You may have heard many stories about laser eye surgery, and that more and more people have decided to "take the plunge" and undergo the procedure to improve their quality of life.  You know it has something to do with lasers, obviously, but what exactly does this laser do? 
To fully understand the function of this laser, we must first understand why the most common eye disorders happen.  The most common eye disorders (nearsightedness, farsightedness, and astigmatism) are caused by "refractive errors".  Refractive errors are caused by a misshapen cornea (the transparent outer surface of the eye through which light travels as it enters the eye).
In laser eye surgery, a computer controlled device called an eximer laser essentially "reshapes" your cornea.  In basic terms, the laser transfers your eyeglass or contact lens prescription onto the surface of your eye.  The reshaping is accomplished through a process called photoablation, in which a precisely controlled beam of ultraviolet light is used to stimulate the molecules of your cornea to the point where certain targeted tissue molecules break and vaporize.
Different Surgical Techniques For Different Eye Disorders
When treating nearsightedness (where the cornea is too steep), the surgeon will remove tissue from the center of the cornea to flatten the surface.  When treating farsightedness (where the cornea is too flat), tissue is removed from the outside perimeter of the area to make the central portion of the cornea effectively "steeper."  For astigmatism, tissue is removed from the area of the cornea  where it is unevenly shaped.

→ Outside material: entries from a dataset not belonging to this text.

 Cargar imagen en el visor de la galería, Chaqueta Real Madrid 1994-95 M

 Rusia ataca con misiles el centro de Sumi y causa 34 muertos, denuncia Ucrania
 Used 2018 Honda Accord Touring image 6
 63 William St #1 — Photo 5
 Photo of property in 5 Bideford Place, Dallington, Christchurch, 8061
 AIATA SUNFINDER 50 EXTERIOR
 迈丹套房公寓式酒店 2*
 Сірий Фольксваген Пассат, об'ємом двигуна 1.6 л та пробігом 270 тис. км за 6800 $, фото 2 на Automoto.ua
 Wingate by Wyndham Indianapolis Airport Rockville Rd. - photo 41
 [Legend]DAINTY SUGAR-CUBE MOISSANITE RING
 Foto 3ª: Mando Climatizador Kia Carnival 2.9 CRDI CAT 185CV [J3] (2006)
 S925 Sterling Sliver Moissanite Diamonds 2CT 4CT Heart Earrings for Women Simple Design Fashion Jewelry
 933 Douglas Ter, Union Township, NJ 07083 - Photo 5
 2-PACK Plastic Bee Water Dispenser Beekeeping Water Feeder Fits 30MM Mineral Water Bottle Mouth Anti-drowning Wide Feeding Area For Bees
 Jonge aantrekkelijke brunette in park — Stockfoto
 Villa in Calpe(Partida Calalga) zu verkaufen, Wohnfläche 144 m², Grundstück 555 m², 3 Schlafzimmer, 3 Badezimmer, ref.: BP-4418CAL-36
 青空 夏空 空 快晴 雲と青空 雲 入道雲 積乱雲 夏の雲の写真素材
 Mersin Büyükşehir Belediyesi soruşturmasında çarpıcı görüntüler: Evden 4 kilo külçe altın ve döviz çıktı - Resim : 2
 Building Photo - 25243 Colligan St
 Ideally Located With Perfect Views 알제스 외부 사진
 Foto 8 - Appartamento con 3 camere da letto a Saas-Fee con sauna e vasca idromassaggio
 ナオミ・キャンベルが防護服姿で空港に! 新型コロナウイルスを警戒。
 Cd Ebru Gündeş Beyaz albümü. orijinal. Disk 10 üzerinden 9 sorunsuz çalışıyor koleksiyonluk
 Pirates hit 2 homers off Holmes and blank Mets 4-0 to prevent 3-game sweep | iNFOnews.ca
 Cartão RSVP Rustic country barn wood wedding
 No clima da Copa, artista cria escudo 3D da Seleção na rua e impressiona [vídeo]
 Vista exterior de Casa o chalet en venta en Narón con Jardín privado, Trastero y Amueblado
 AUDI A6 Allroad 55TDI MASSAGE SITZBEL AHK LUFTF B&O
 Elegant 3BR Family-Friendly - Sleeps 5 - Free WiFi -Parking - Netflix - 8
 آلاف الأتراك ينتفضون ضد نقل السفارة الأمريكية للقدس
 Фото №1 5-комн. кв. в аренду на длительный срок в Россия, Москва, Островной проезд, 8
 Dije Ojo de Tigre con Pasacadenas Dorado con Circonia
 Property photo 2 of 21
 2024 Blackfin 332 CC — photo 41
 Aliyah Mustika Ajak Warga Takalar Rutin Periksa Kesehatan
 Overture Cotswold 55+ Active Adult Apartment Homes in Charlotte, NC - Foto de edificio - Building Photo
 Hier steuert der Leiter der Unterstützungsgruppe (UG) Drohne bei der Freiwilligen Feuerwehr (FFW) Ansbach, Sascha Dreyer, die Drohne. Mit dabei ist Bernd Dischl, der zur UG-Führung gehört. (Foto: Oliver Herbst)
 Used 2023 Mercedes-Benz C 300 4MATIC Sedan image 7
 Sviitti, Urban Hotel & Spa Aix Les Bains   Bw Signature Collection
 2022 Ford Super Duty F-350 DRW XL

You can compare the cornea to the glass that covers a camera lens.  If this "glass" is distorted in any way, it affects the "picture" that is projected onto your retina, and passed onto your brain as an image.  Usually this problem is compensated for by corrective eyewear or contact lenses. (For more details, see the eye anatomy page).
"Vaporizing tissue?"  This might sound quite extreme to you, especially when you consider how sensitive our eyes are to pain.  But these are not the destructive laser beams you may have seen in science fiction movies.  The eximer laser is on the "cool" end of the light spectrum, and can only remove a maximum of 0.25 microns of corneal tissue at a time.  This is approximately 1/500th the thickness of a human hair.  Since a human hair is about 125 microns thick, it would take 500 laser pulses to break through a human hair.  Your cornea is about 500 to 600 microns in thickness, therefore it would take 2,000 laser pulses or more to break through your cornea!  In most cases, the surgeon will remove between 10 and 160 microns of tissue to correct your vision problem, well within safety limits.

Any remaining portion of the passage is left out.